Machine Learning Model - Random Forest
Random forest is a supervised learning algorithm that is comprised of trees.
It is said that the more trees it has, the more robust a forest is.
Random forests create decision trees on randomly selected data samples,
get predictions from each tree and select the best solution by means of voting.
It also provides a pretty good indicator of the important features.
How does the algorithm work?
It works in four steps:
1. Selects random samples from a given dataset.
2. Constructs a decision tree for each sample and gets a prediction result from each decision tree.
3. Performs a vote for each predicted result.
4. Selects the prediction result with the most votes as the final prediction.
Important Features : Random forests also offer a good feature selection indicator,
which shows the relative importance or contribution of each feature in the prediction.

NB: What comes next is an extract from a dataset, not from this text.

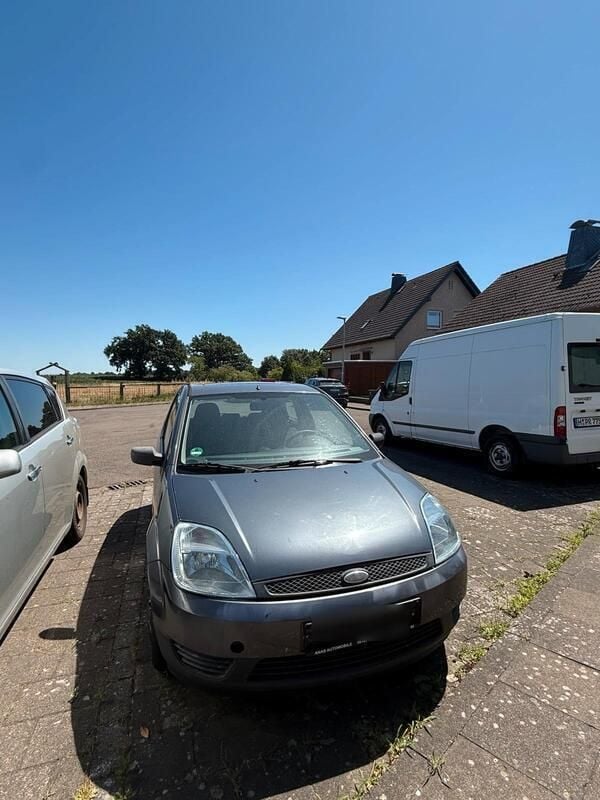 Grau Gebraucht 2003 Ford Fiesta Kleinwagen | 590 € (Superpreis) - Bild 1/4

This score will help you choose the most important features and drop the least important
ones for model building.
When categorizing the movie data into success/failure categories, the model had the
following accuracy scores:
Training Data Score: 1.0
Testing Data Score: 0.8964781216648879
Random Forest has the highest accuracy compared to Logistic Regression, KNN and
SVM using performance variable.
The results validate what we learned in class about
the high accuracy of Random Forest. Important Features shown in the image indicate that
the three most important variables to determine importance are nrOfWins, ratingcount
and nrOfNominatons. The least important features Short, News and Sport, TalkShow,
RealityTV and Adult have no influence on performance.